← Back to context

Comment by wtracy

15 years ago

Many of the posts here and on 4chan have deconstructed the algorithm and proven that it is actually O(n^2) or O(n * lg n) when you include the work done by the operating system's scheduler.

However, here's a different perspective to look at this from: What if this were implemented on an FPGA?

Let's ignore for a moment that the number of gates needed would increase linearly with the size of the input. I'll also simplify the math by assuming that a list of n numbers contains only values in the range [0 .. n] .

Let's further assume that we're only sorting positive integers, and that each job sleeps for x clock cycles (where x in the input number). We could sort a list in O(n) time.

Digging even deeper: Quicksort performs an integer comparison followed by a branch O(n lg n) times. Even if your processor can compare two integers in one clock cycle, a branch is probably going to screw up your processor's pipelining and take quite a few clock cycles to execute. So, we're possibly looking at a significant speed increase even before we consider the difference in order of growth.

So, assuming a predefined upper bound on the number of items in a list, this just might be a great way to perform hardware-assisted sorts.

Thoughts?

For hardware based sorting, we can do even better using sorting networks[0]. Sorting networks are comprised of a system of wires, one for each input, and comparators between wires which always output the higher number on the bottom wire and the lower on the top.
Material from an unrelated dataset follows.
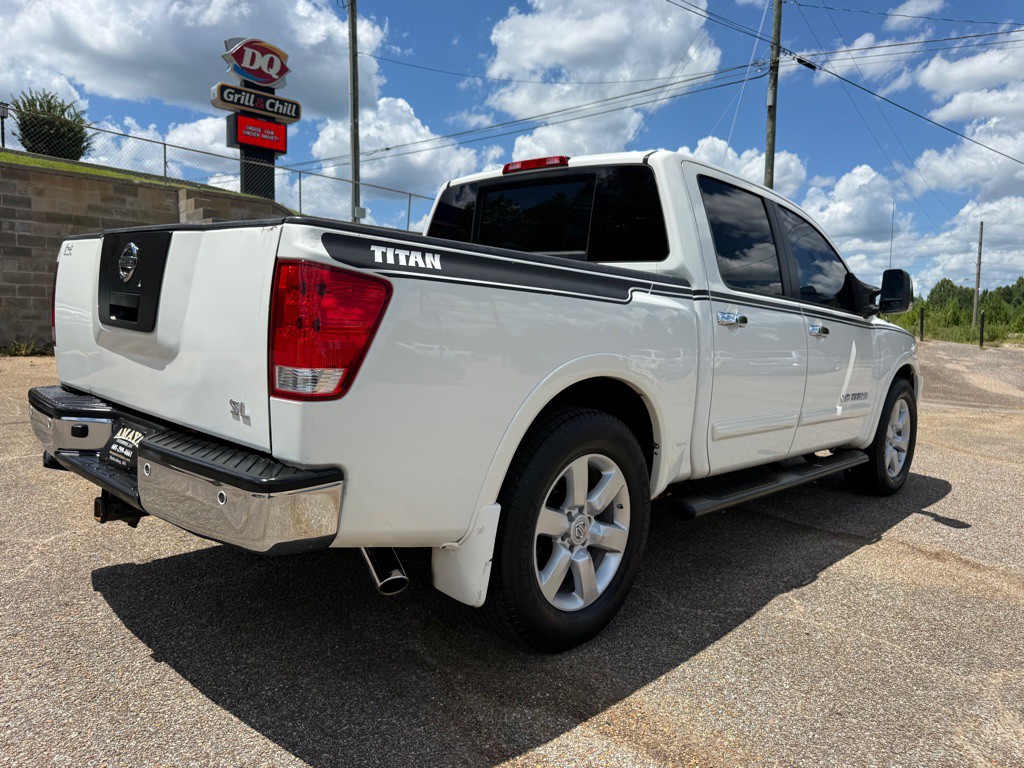 2011 Nissan Titan Image 10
Using this framework we can do massively parallel sorts with excellent time complexity.

The problem is that sorting networks need to be designed for each input size, and designing efficient sorting networks is an open problem. There has been some work in the evolutionary computing community on sorting networks, and some of the best known networks for various sizes were found by EAs, but large networks are still a challenge.

[0] http://en.wikipedia.org/wiki/Sorting_network

I just realized: We would need a circuit polling each of the jobs to see when they finish, and I don't see how it could poll all of jobs every clock cycle. So I don't see it being possible to achieve the per-cycle resolution I suggested above.

Furthermore, the polling circuit would have to poll each of the n tasks n times, leading us finally back to a running time of O(n^2).

Still a fun thought experiment, though.

  • Why would you poll the tasks? Cant the tasks wake up after their time is done, just fire an interrupt witht he number of the task.